--- REQUIREMENT ---
Keep the lines exact and the pictures out as you repeat the following listing.

--- THE DATA ---
•••
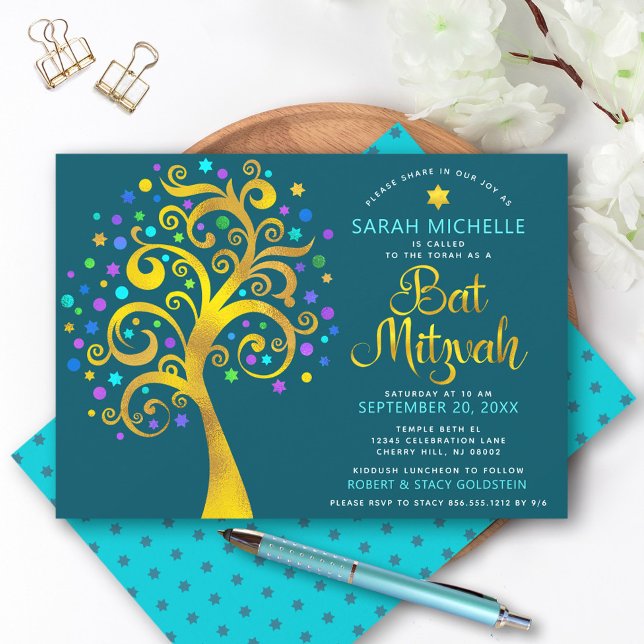 Bat Mitzvah Teal Blue Chic Gold Foil Tree of Life  Invitation (Creator Uploaded)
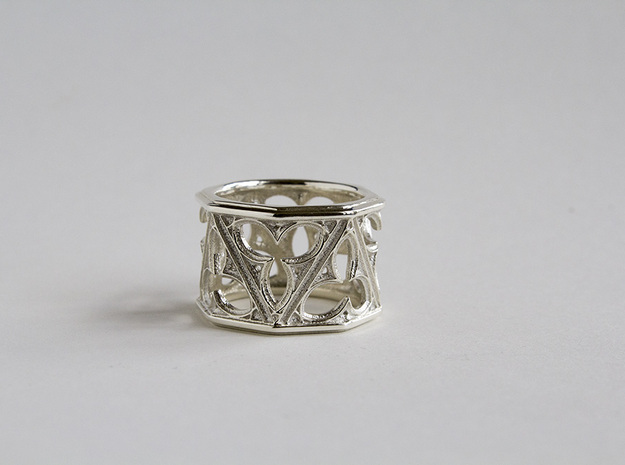 Gothic Window Ring v2 in Polished Silver: 8 / 56.75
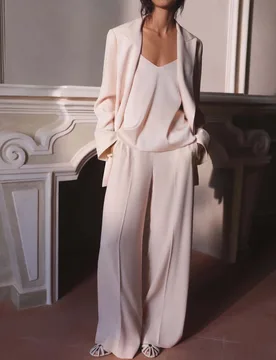 Pantaloni a palazzo cipria in crepe con piega fronte e retro e chiusura a zip - Marella - FashionsVida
•••
--- WRITTEN ANSWER ---
 Bat Mitzvah Teal Blue Chic Gold Foil Tree of Life  Invitation (Creator Uploaded)
 Gothic Window Ring v2 in Polished Silver: 8 / 56.75
 Pantaloni a palazzo cipria in crepe con piega fronte e retro e chiusura a zip - Marella - FashionsVida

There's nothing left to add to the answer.